The Corker-Menendez bill would give Congress the chance to review the agreement and a “fast track” veto authority. The fast-track veto authority requires both chambers, in up or down votes, to disapprove of the final agreement. That is a tall order.
Recall that the President chose not to negotiate this deal as a treaty in order to circumvent a skeptical Senate. Had this agreement been a treaty, the president would have had to convince the Senate that the treaty would improve U.S. security -- otherwise, no treaty. The Corker-Menendez bill puts the pressure on the deal’s skeptics to convince Democrats under pressure from the White House to vote against an agreement, presumably supported by all the P 5+1 states in an up or down vote. That’s a tall order.
The hard part for Congress lies ahead. Will enough lawmakers from both chambers have the gumption to vote against a negotiated agreement without amendment in an up or down vote? This remains to be seen.
It is worth noting that the bill passed out of the Senate Foreign Relations Committee with only slight modifications, and the only real change struck language that would have required the president to certify that Iran is not engaging in terrorism.
What does it say that the Obama administration lobbied Democrats to oppose a provision related to terrorism for fear it would be a deal-breaker? The White House has long considered Iran’s support for terrorism as tangential to its nuclear program, ignoring the fact that by relieving sanctions, thereby pumping billions back into the Iranian economy, it would be indirectly enabling Iran’s support for terrorism.
But there are other issues the Obama administration once deemed critical to any final deal that have fallen by the wayside.
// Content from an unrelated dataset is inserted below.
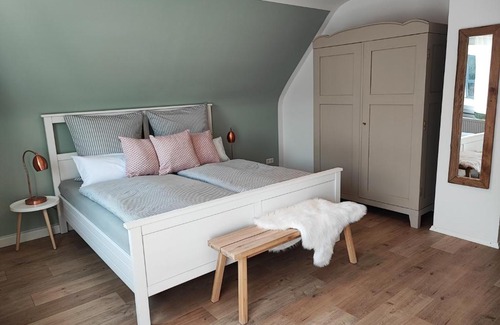 Ottersweier House | Guest Rated 9.7/10 at Muhrbach - Family-Friendly Retreat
In 2009, the administration and the U.N. Security Council said “zero enrichment” was the standard. The administration has also said that the clandestine facilities in which Iran had continued illicit work had to be closed down and the number of centrifuges had to be capped at low numbers. The massive missile program, the Obama administration said, had to be addressed. And “snap inspections” were a must to hold the Iranians truly accountable.
Under the agreed-upon framework Tehran can: enrich; the facilities at Fordow and Arak can remain open; centrifuges -- although their numbers will fall -- will stay around 6,000; the missile program is completely unmentioned; and inspections will be anything but “snap-like.” In fact, Iran continues to evade the International Atomic Energy Agency (IAEA) inspectors.
In the , arguably the most credible independent voice on nuclear weapons: “If Iran is able to successfully evade addressing the IAEA’s concerns, when biting sanctions are in place, why would it address them later when these sanctions are lifted?” The answer, of course, is that it will not.
The U.S. negotiators, by conceding so much of what they had only recently deemed critical, and by giving Iran a pass on refusing to cooperate with the IAEA, have taken on the role of beggar, and the Iranians, supporters of international terrorism notwithstanding, the ones from whom the U.S. begs.
Corker-Menendez bill or not, Congress should steel itself against the pressures of the White House, reject the proposed deal, and refuse to lift sanctions in response to such an irredeemably flawed agreement.